Row number	German	Latin
1	First word	Translation for first word
1	with many lines of content	[phonetic vocabulary thingy]
1	and more lines
2	Second word	Translation for second word

Instead of fine-tuning the read_pdf parameters, are there ways around that?

CodePudding user response：

Possible solution

Instead of experimenting with tabula-py, which is perfectly legit of course, you can export a pdf in Adobe Reader using File->Export a PDF->HTML Web Page

You then read it using

import pandas as pd

dfs = pd.read_html("file.html", header=0,encoding='utf-8')

to get a list of pandas dataframes. You could also use BeautifulSoup4 or similar solutions to extract the tables.

To match tables with the same column names (e.g., in a vocabulary table) and save them as csv, you can do this:


from collections import defaultdict
unique_columns_to_dataframes = defaultdict(list)

# We need to get a hashable key for the dictionary, so we join the df.columns.values.

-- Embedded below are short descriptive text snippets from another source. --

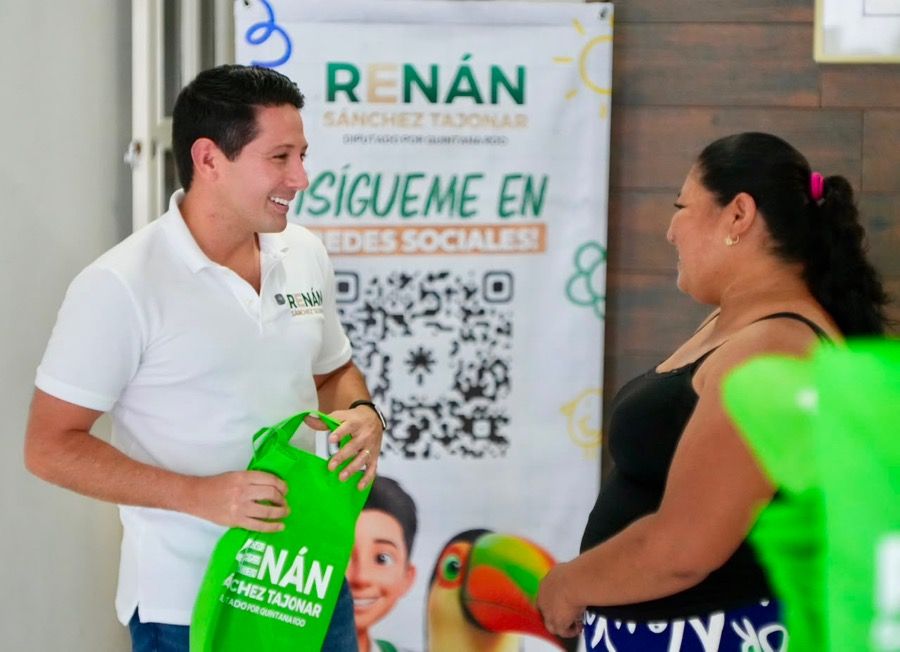 Renán Sánchez Tajonar arranca en Cozumel la entrega de kits de libretas escolares 2026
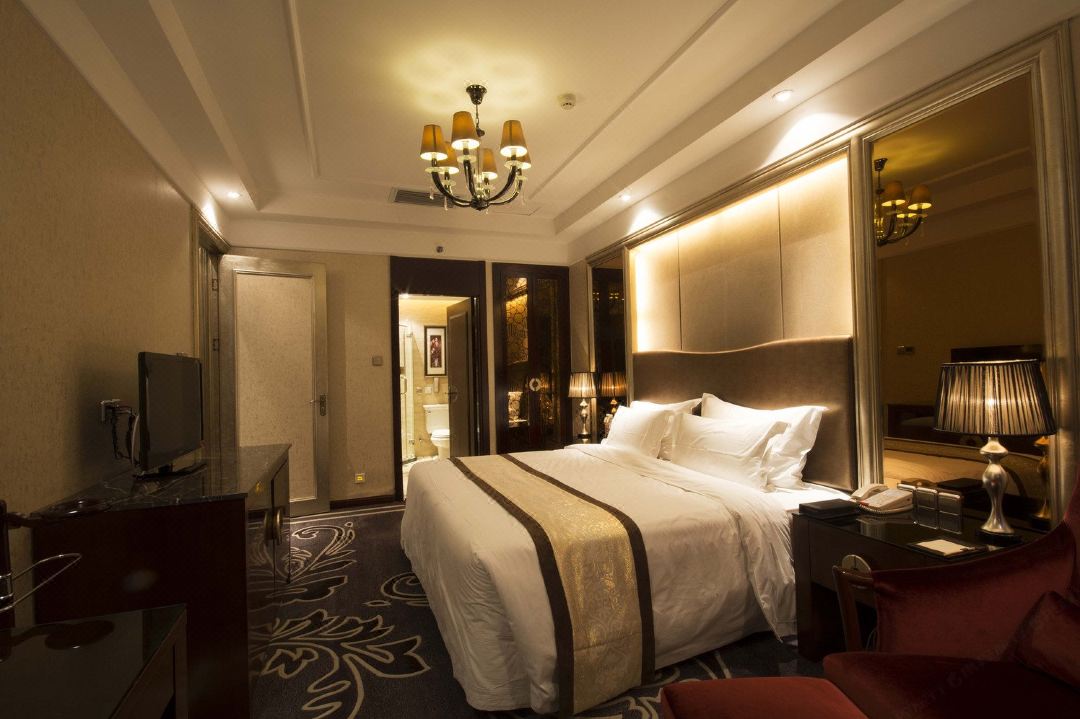 Titan Central Park Hotel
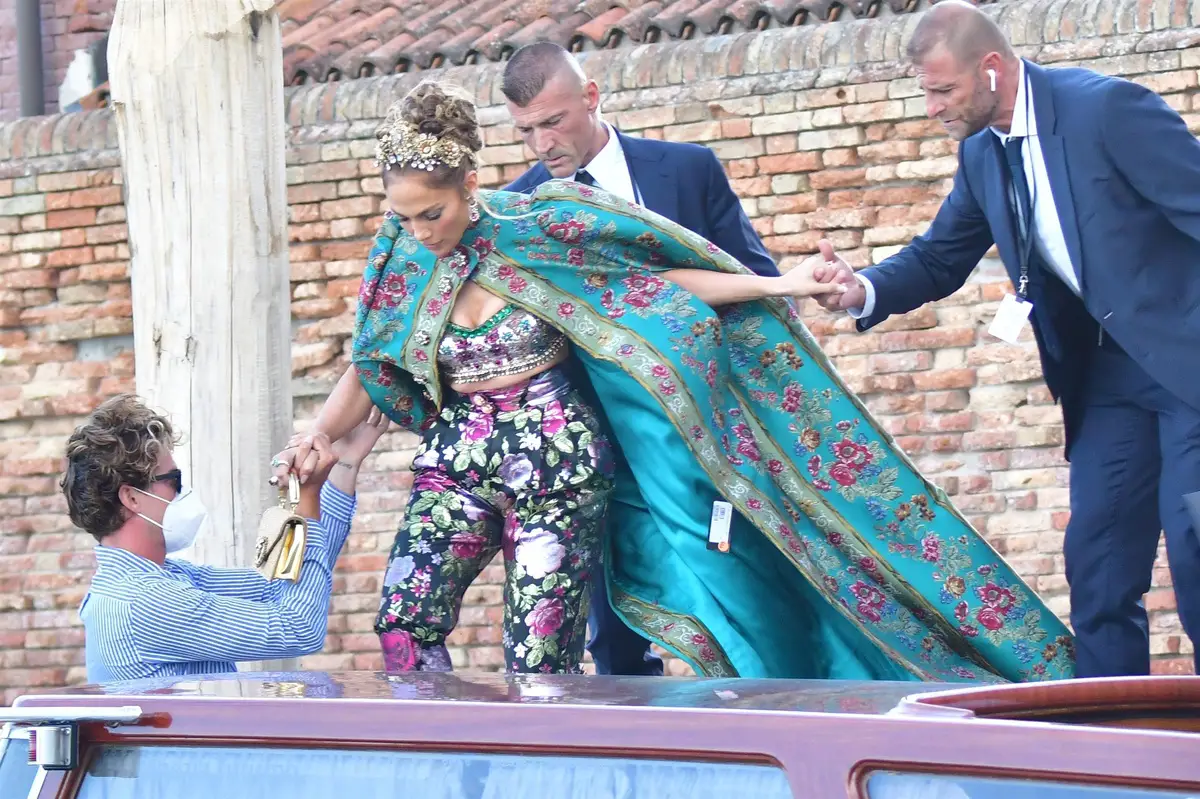 Jennifer Lopez subiendo a un barco en Venecia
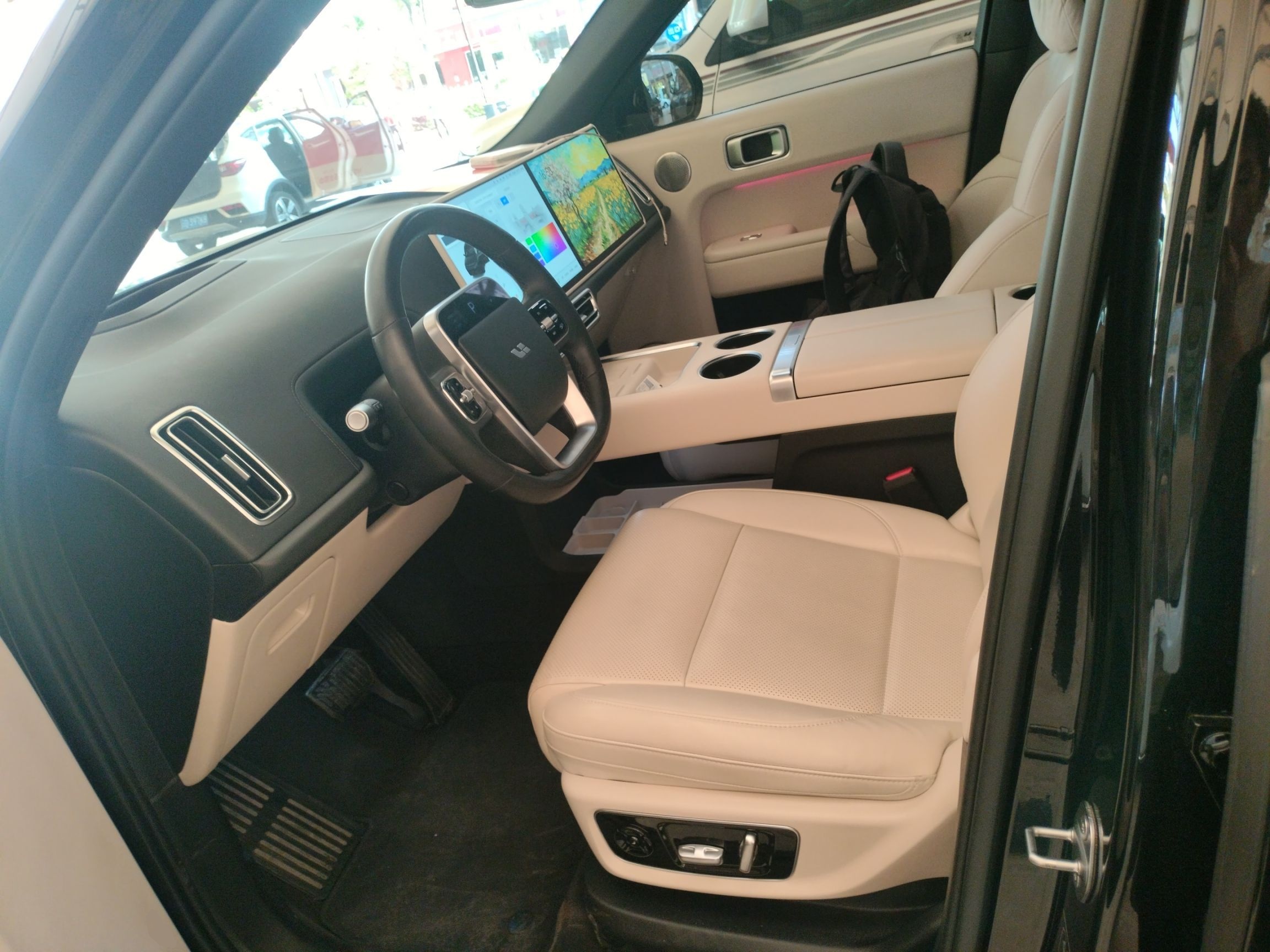 المقاعد الأمامية داخل السيارة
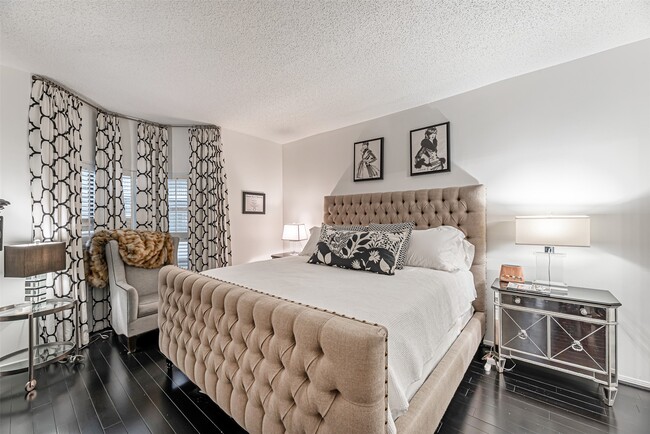 Photo - 661 Bering Dr Unit 404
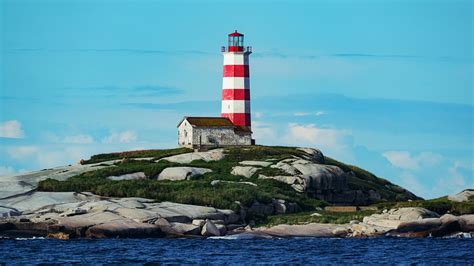 Exploring the Unique Lighthouses of Nova Scotia's Coastline — Andrew ...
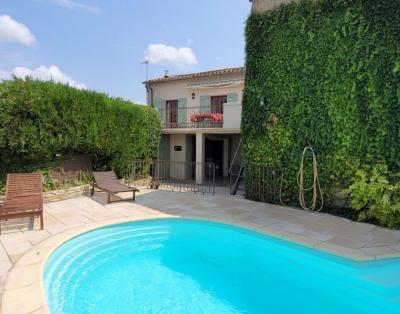 Very Pretty Stone House With 95 M2 Of Living Space, Terrace With Views, Courtyard And Swimming Pool.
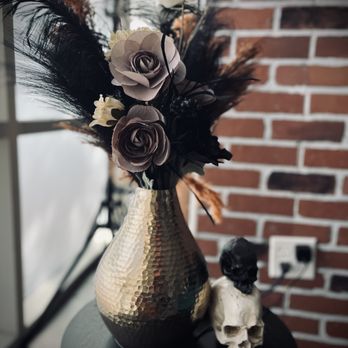 The Hair HQ - Salon Halloween vibes - Hair Salons Near Me - Peoria, Arizona The Hair HQ - Salon Halloween vibes - Hair Salons Near Me - Peoria, Arizona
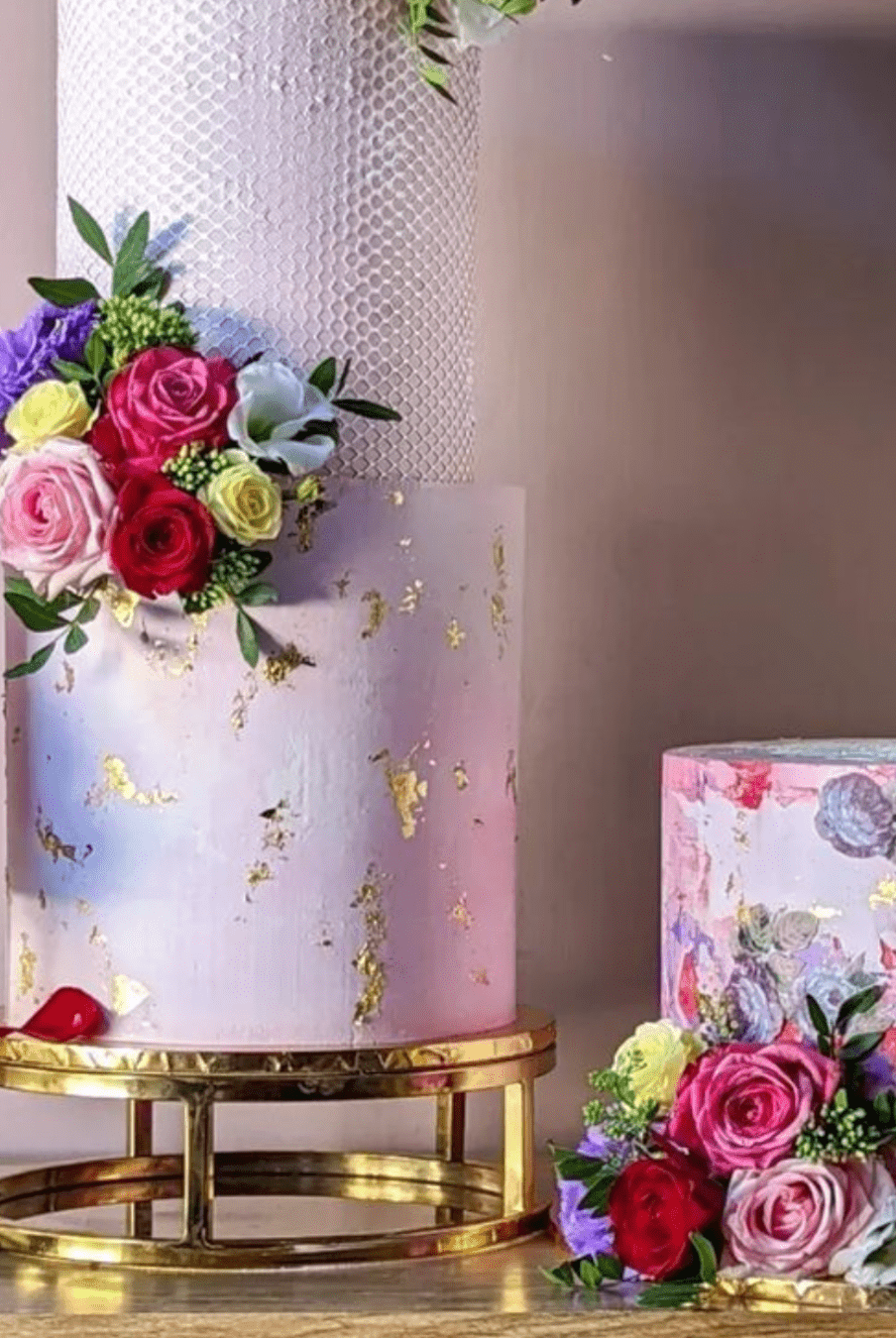 PropBundles - Set of Two - 6" & 10" Round Metallic Cake Separators and Stands - Prop Options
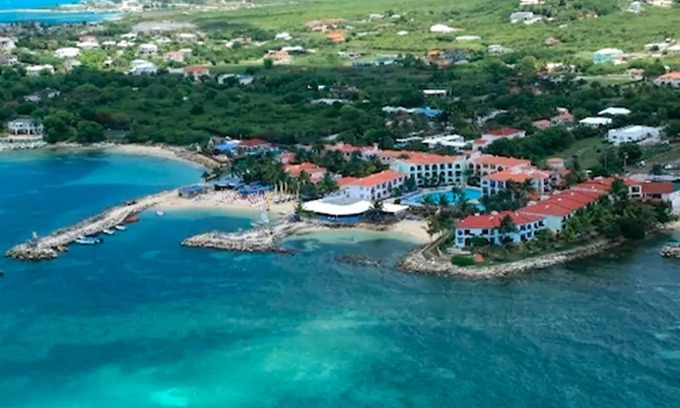 Dickenson Bay Hotel | Northshore Seaside Suites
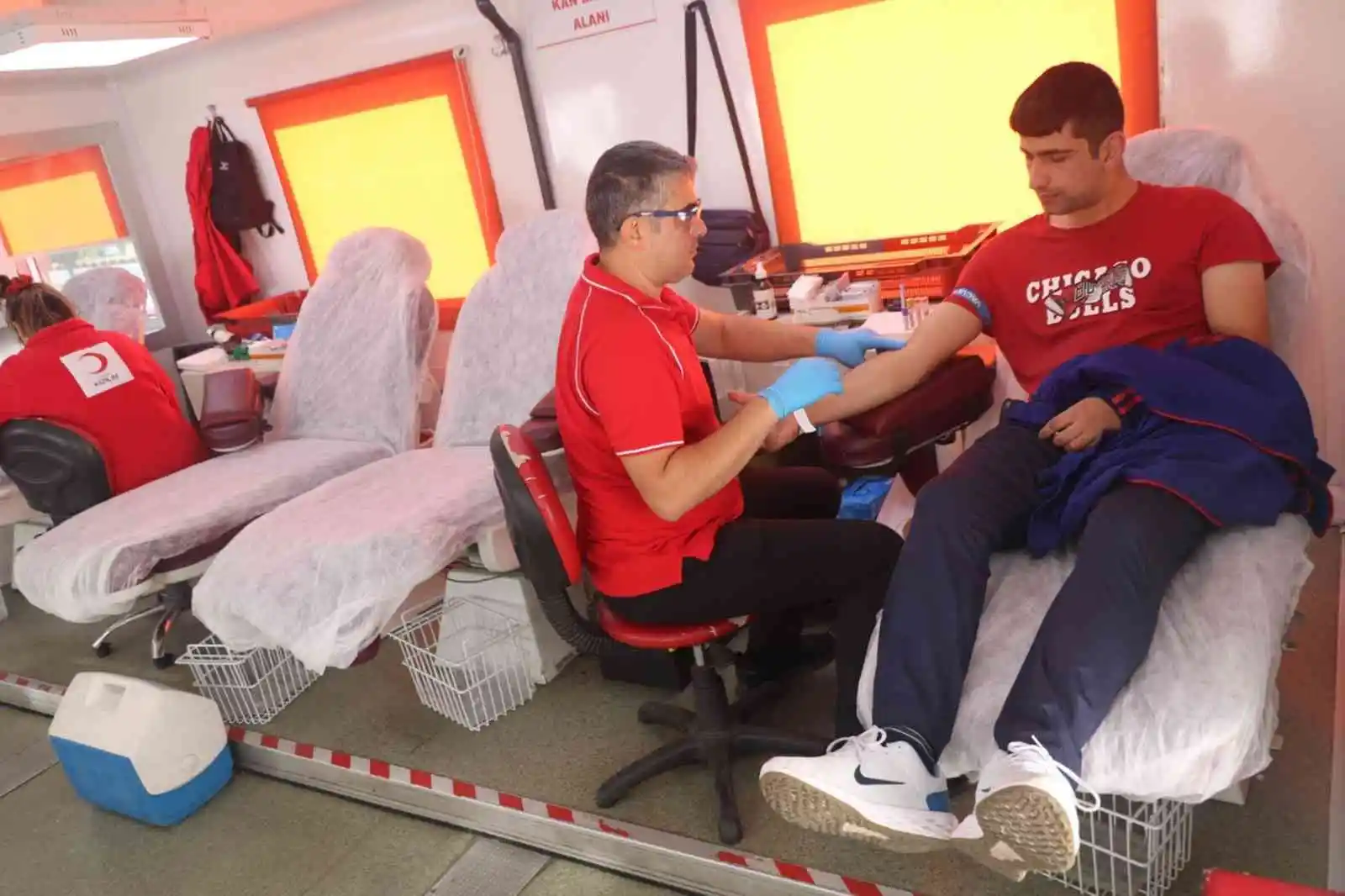 Aydın Jandarma Komutanlığı'ndan kan bağışı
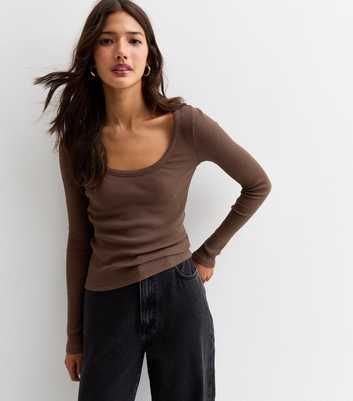 Brown Ribbed Long Sleeve Scoop Neck Top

Strings can be hashed.
possible_column_variations = [("%%".join(list(df.columns.values)), i) for i, df in enumerate(dfs)]

for k, v in possible_column_variations:
    unique_columns_to_dataframes[k].append(v)
    
for k, v in unique_columns_to_dataframes.items():
    new_df = pd.concat([dfs[i] for i in v])
    new_df.reset_index(drop=True,inplace=True)
    # Save file with a unique name. Unique name is a hash out from the characters in the column_names, not collision-free but unlikely to collide for small number of tables
    new_df.to_csv("Df_" str(sum([ord(c) for c in k])) ".csv", index=False, sep=";", encoding='utf-8')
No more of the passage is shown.